Então, a deusa patrona da Ática instaura o tribunal no areópago
próximo a colina de Ares em Atenas onde se realizará o julgamento do jovem átrida
é então que chegamos ao ponto que nos interessa, pois a contagem dos votos
aponta um empate técnico entre os que o julgam culpado e os que o absolveram da
acusação de homicídio. Então, a deusa
que está presidindo o julgamento chama para si a responsabilidade e dá o seu
voto como assinala a epígrafe acima. O voto dela decidiu o julgamento em favor de
Orestes e qual é o motivo que a leva a inocentar o jovem? Atena diz: “Não há
mãe nenhuma que me gerou. Em tudo, fora núpcias, apoio o macho com todo ardor,
e sou muito do pai.” (Ésquilo, Eumênides 735).
O que a leva a inocentar o jovem átrida é que ela faria o mesmo que o rapaz,
isto é, faria de tudo pelo pai, pois que ela desconhece qualquer relação materna.
Creio que a resposta da deusa tem muito a nos ensinar
sobre os motivos que nos levam a tomar uma decisão seja sobre o que for. Ela opta
por Orestes porque não tem mãe e nós optaremos por este ou aquele candidato
nessas eleições por quais motivos?
Não me venham com números estimativas e históricos
passados, pois a verdade é que quando os vejo e ouço chego “ a me esquecer de
quem eu sou” . Todas as vezes que vejo militantes de A ou B falando em nome de
seus partidos e de seus candidatos é como se eu escutasse Críton na prisão
tentando convencer Sócrates a fugir.
“Toma a tua decisão já, embora a altura não seja para
deliberar, mas para ter deliberado.” (Platão, Críton 46a) diz Críton ao seu amigo e eu escuto e vejo pelas redes
sociais “ vote nesse candidato que é a favor disso e contra aquilo” ou “Vote no
candidato fulano que defende o interesse de X e não de Y”. Mas é preciso dar a
resposta que Sócrates deu ao seu amigo: “Meu caro Críton, o teu zelo é muito louvável,
se for acompanhado de reta razão. Caso contrário, será tanto mais inconveniente
quando maior for. Teremos, pois, de examinar se o que me propões deve ser feito
ou não, visto que eu fui sempre, e não apenas agora, de molde a não me deixar
convencer por outro argumento que não seja aquele que a minha razão considere o
melhor.” (Platão, Críton 46b)
Por que devemos dar aos Crítons da vida que nos
interpelam essa resposta? Simples, porque não podemos tomar nenhuma decisão
mergulhados no medo que a primeira impressão dos fatos nos impõe. É preciso buscar razões no mais íntimo de nós
sem descurar das opiniões que nos acercam.
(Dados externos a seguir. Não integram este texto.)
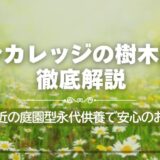 アンカレッジの樹木葬を徹底解説！都心駅近の庭園型永代供養で安心のお墓選び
Não se trata de tomar apenas um dos
lados como Atena faz na peça de Ésquilo é preciso avaliar se as opiniões e se
os discursos que se nos apresentam são condizentes com a realidade e se de fato
quem está disputando o poder nos representa. E se ainda assim você opta por um
deles ou por nenhum, está decidindo peremptoriamente por uma razão que te move
e te faz crer que a sua decisão é correta.
Embora eu tenha consciência de que não é o meu voto quem
vai decidir a eleição, me propus a transformar o meu voto em um voto de
Minerva, com efeito, não para que desempate e muito menos para decidir as
eleições, pois sei que o meu voto não tem esse poder, o que decide as eleições
é a consciência magnânima que Rousseau denominou vontade geral que é mais que a
soma das nossas vontades particulares em vista do bem comum.
Me propus a ouvir tudo e todos, a examinar cuidadosamente
os fatos como Sócrates se propôs a fazer com seu amigo Críton e, só então
decidir, não como Atena, que opta pela absolvição do jovem átrida porque “é
muito do pai” mas que a minha decisão seja porque “não vou me deixar convencer
por nenhum argumento que não seja aquele que a minha razão considere o melhor.